Quoth Paul Vercellotti <pverce...@yahoo.com>, on 2013-06-07 01:07:35 -0700:
> The current system does in-place decryption on read (no copying), which adds
> almost no overhead to the operation.    Now in-place decryption with a
> memory-mapped file seems like it would dirty the page, which could
> accidentally get flushed back to the file on close potentially corrupting the
> database - I'm wondering if that's a valid concern.  

Yes, you can't safely do it in-place on the mapped region; you'd have to make a
copy.  Since the big advantage of memory mapping is avoiding the copy, the 
benefit
would be noticeably decreased, I'd think---though if your decryption code can do
an out-of-place transformation "just as easily" then you could still elide that
together with the copy and maybe be a bit easier on the cache than an explicit
kernel->user copy plus an in-place transformation.

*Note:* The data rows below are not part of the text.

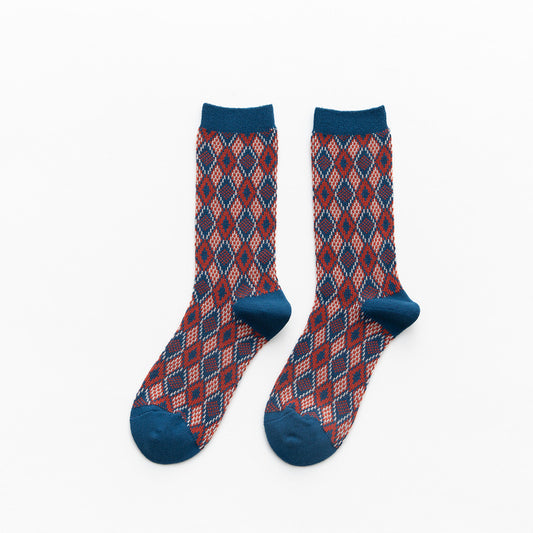 Autumn New Double-needle Double-way Socks Manufacturers Plaid Models
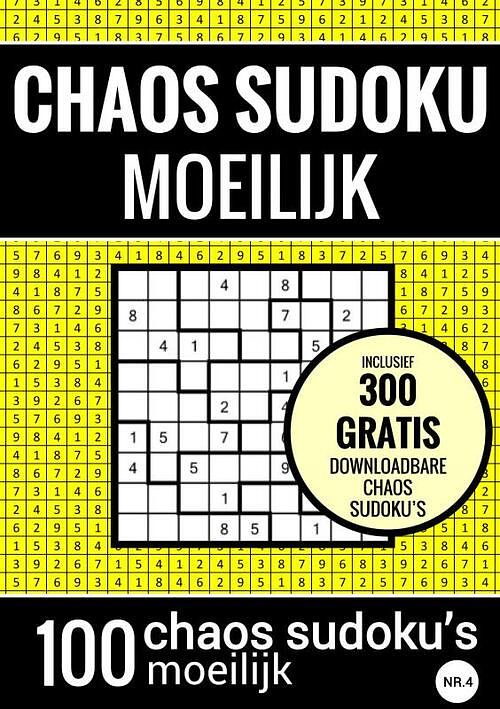 Foto van Sudoku moeilijk: chaos sudoku - nr. 4 - puzzelboek met 100 moeilijke puzzels voor volwassenen en ouderen - sudoku puzzelboeken - paperback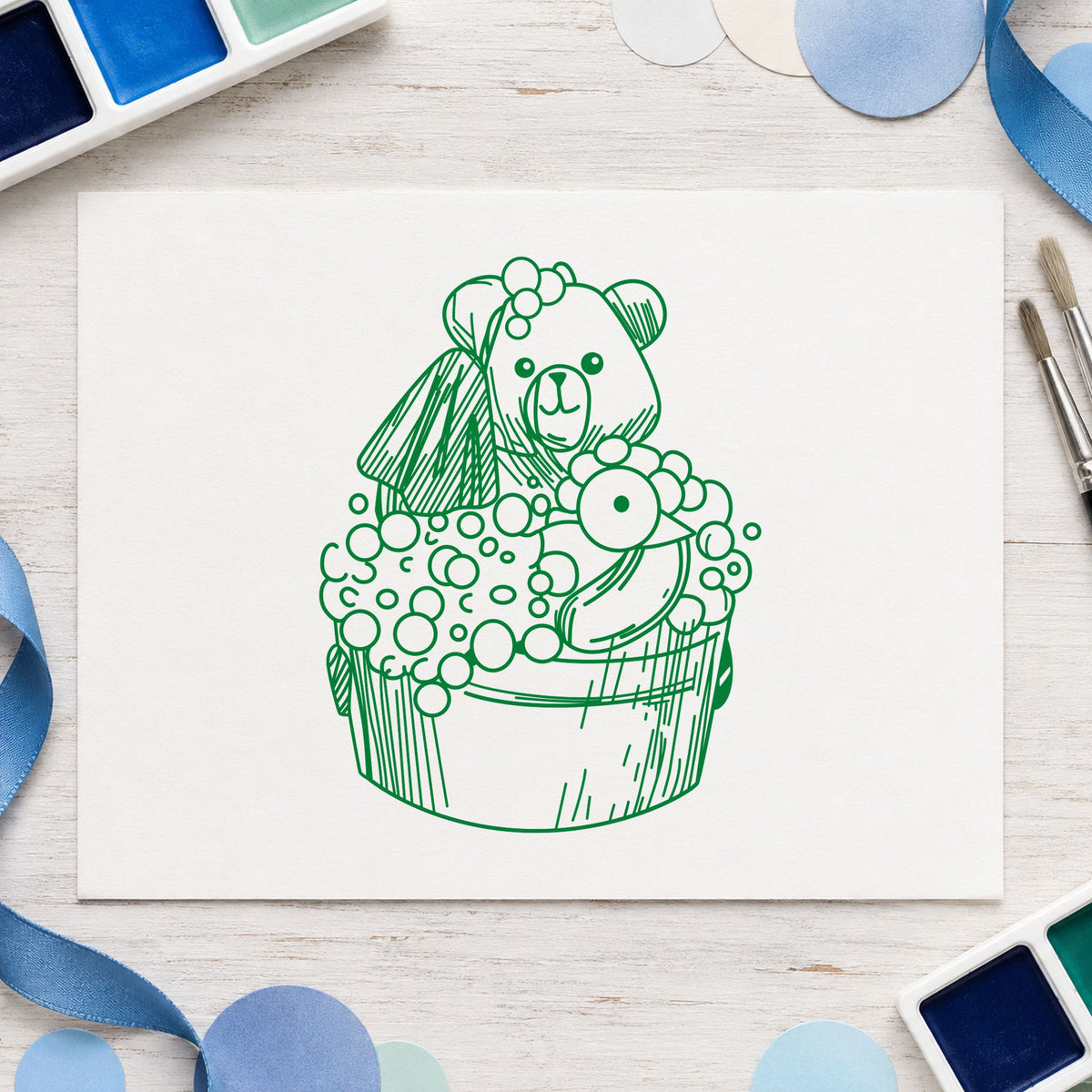 Bear in Wash Bucket Craft Art Stamp in use 5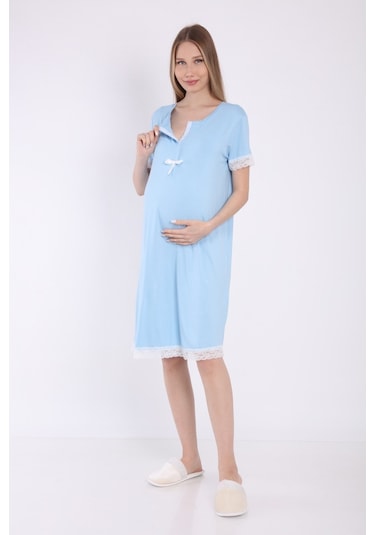 Luvmabelly Myra9591 Önden Çıt Çıtlı Dantelli Hamile Geceliği -mavi-mavi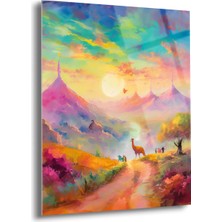 Shiny Art Renkli Yaz Akşamı Cam Tablo - MOD006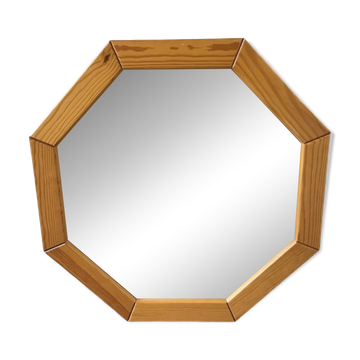80s hexagonal pine mirror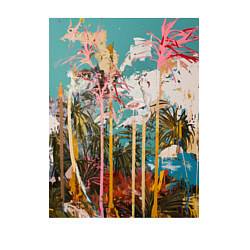 Свитшот хлопковый мужской Абстрактная графическая картина с пальмами, цвет: белый — фото 2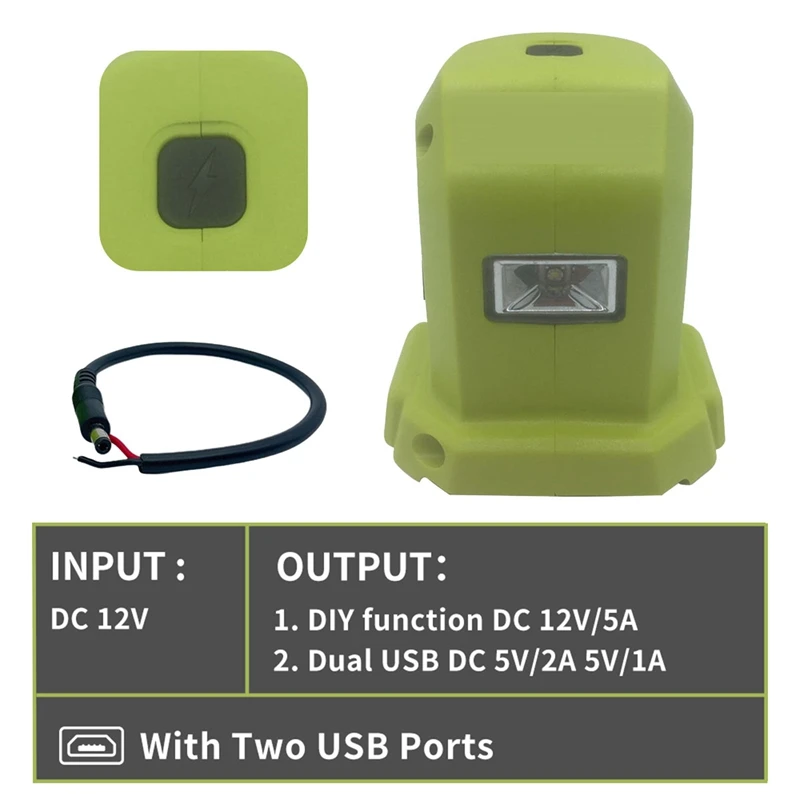 Adattatore batteria con porta 2USB per Ryobi P743 18V 14.4V ONE + adattatore di alimentazione portatile agli ioni di litio con accessori per la funzione di illuminazione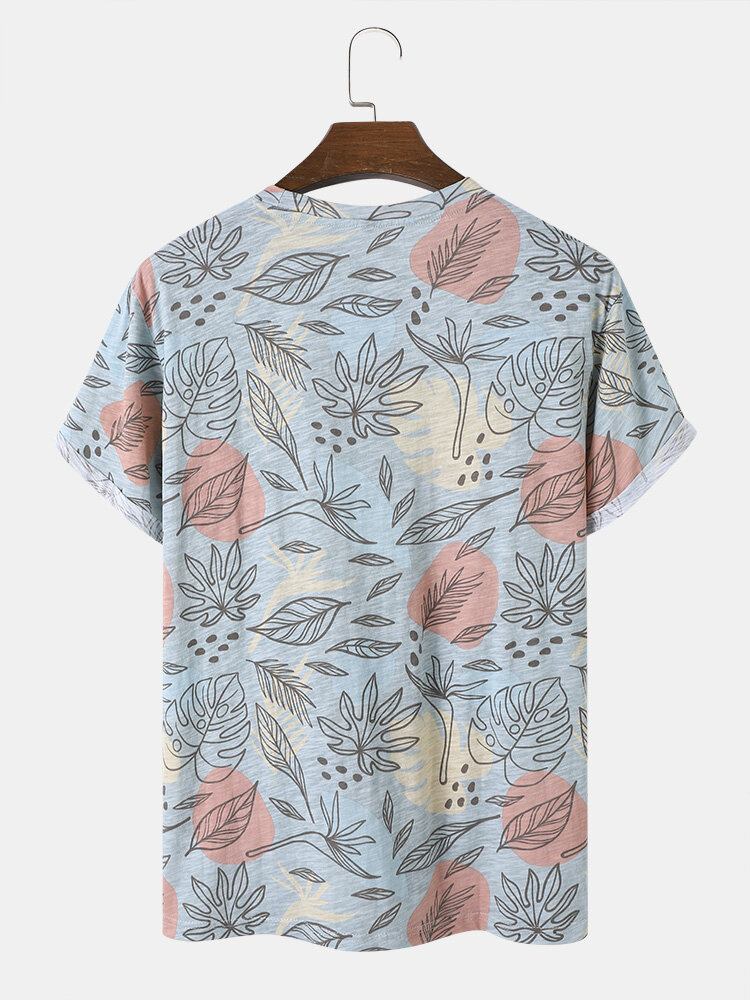 Mænd Bomuld Allover Tropical Print Rundhals Kortærmede Fritids T-shirts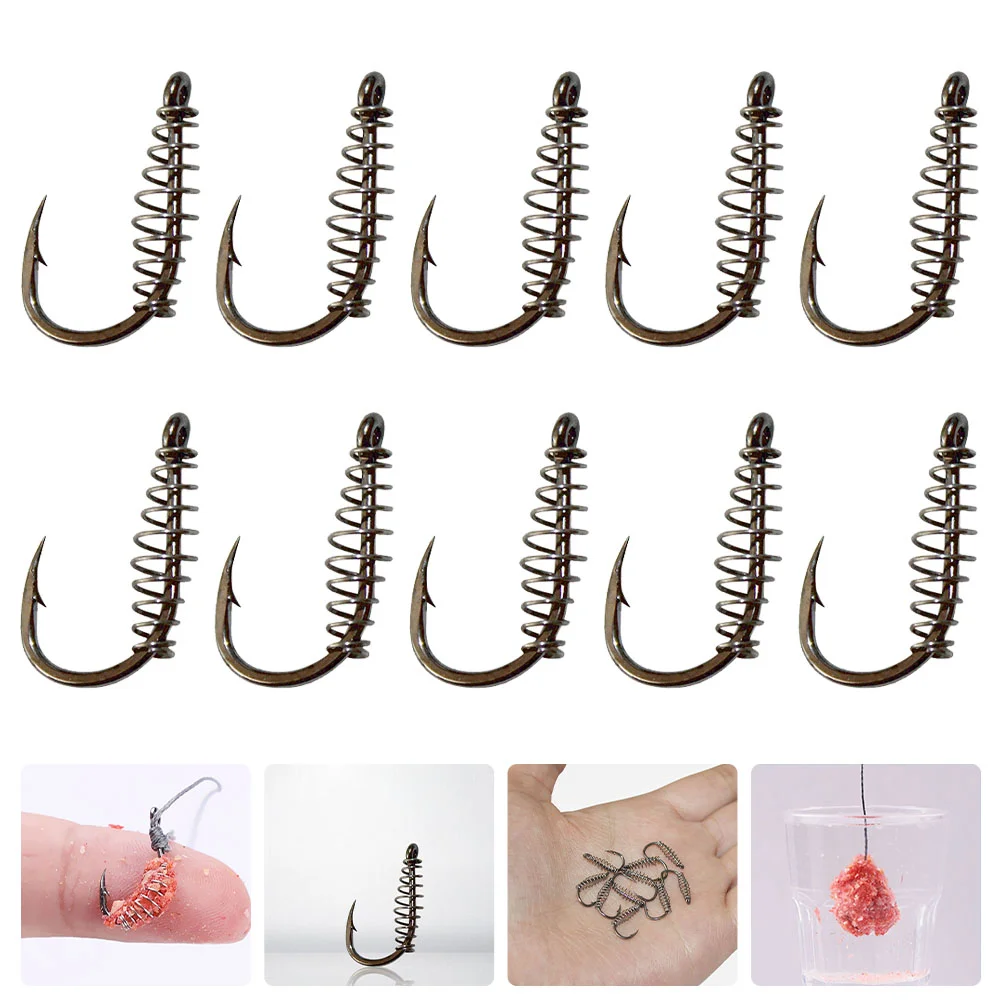 10 Pcs Catfish Spring Hook Professional Bottom Fishing Baits Hooks Tool Silver Portable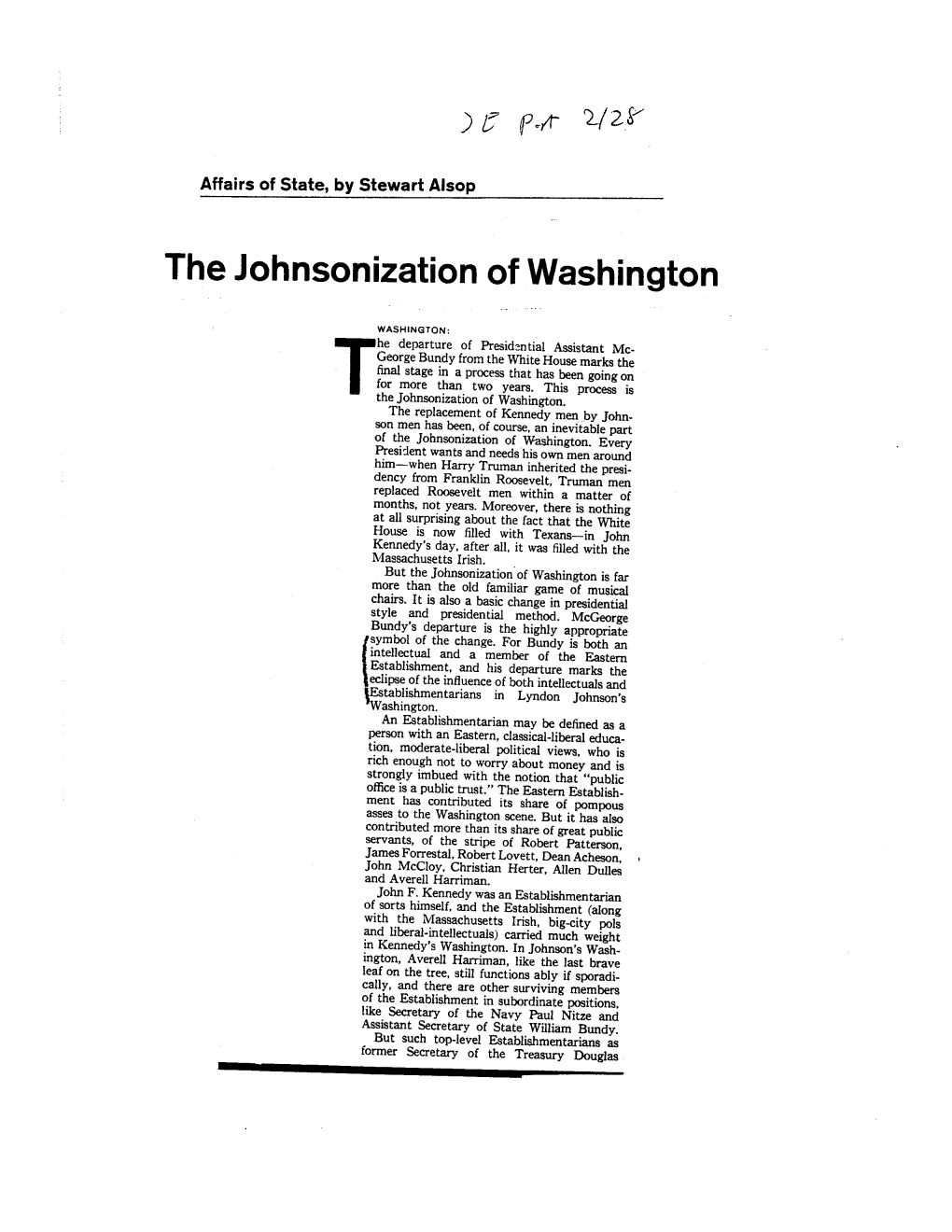 The Johnsonization of Washington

If you really want, you might be able to implement xFetch to allocate a shadow
buffer, decrypt from the map into that, and return that pointer.  Since it's
designed for accessing maps directly, though, I don't see it documented what
the lifetime of that pointer has to be---it might be "until the file is closed",
in which case you have to keep those shadow buffers alive the entire time, but
you might still avoid taking syscalls that way.